Dr Chew, who is also a clinician at the Royal Melbourne Hospital, is co-leading the study with Dr Ian Majewski and Professor Andrew Roberts.

At a glance

  • AML genomics research led by Dr Edward Chew has received a RCPA Foundation Illumina Cancer Research Grant
  • The grant will support research into why only half of AML patients respond successfully to treatment, in order to find ways to improve patients’ outcomes
  • Using advanced genetic sequencing technology, Institute bioinformaticians will analyse masses of data from patient leukaemia samples to identify the critical factors leading to a successful patient outcome after treatment.
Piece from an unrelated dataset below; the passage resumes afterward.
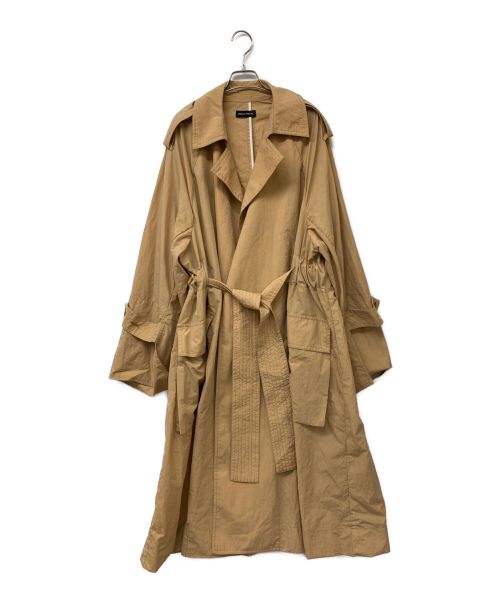 MAISON SPECIAL（メイソン スペシャル）MAISON SPECIAL (メゾンスペシャル) Volume Over Trench Coat ベージュ サイズ:SIZE Freeの古着・服飾アイテム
Better treatments needed for AML

Dr Edward Chew receiving award
A Royal College of Pathologists of Australasia (RCPA)
Foundation Illumina Cancer Research Grant will support
Dr Edward Chew’s research into AML. Dr Chew (R) is
pictured with RCPA President Associate Professor Bruce
Latham. Image credit: Sally Abboud Photography/RCPA

AML is an aggressive blood cancer. Approximately 900 new cases of AML will be diagnosed this year in Australia. Despite advances in treatment and patient care, fewer than half of these AML patients will be alive at 5 years after their diagnosis. 

Researchers are hoping to improve outcomes for a common type of AML called core-binding factor AML by understanding why some patients are cured of their cancer and why for others, who received exactly the same treatment, their AML comes back or relapses. 

Dr Chew said most people went into remission with therapy but for some patients the leukaemia relapses – an event that can happen anytime from a few months to a few years after treatment. 

“At this point, no one knows why some patients respond successfully and others don’t. Our study is aiming to change that. 

“If we can get to the bottom of what makes certain forms of this cancer so resistant to therapy, we will have the information needed to develop targeted treatments that can protect vulnerable patients from relapsing,” he said.

A deeper understanding through genomics

Scientists outside a lab

 

Award winner Dr Chew (L) and Illumina representative
Mr Timothy Daykin

Advances in next generation sequencing (NGS) technology have made possible fast and comprehensive analysis of cancer samples.

Bioinformaticians Ms Anna Quagleri, Dr Christoffer Flensburg, and Professor Terry Speed are helping to make sense of data from individual tumours to identify key differences in their genetic code.

Dr Chew said the teams were looking for vital differences between the cancers that responded to treatment versus the tumours that did not. 

“We are using NGS to analyse samples from 60 patients collected through the Australasian Leukaemia and Lymphoma Group and the Royal Melbourne Hospital. Our goal is to identify the genes that are influencing poor patient outcomes and making tumours resistant to therapy. We hope our findings will lead to new strategies and approaches for more successful treatment outcomes in the future for our patients,” he said.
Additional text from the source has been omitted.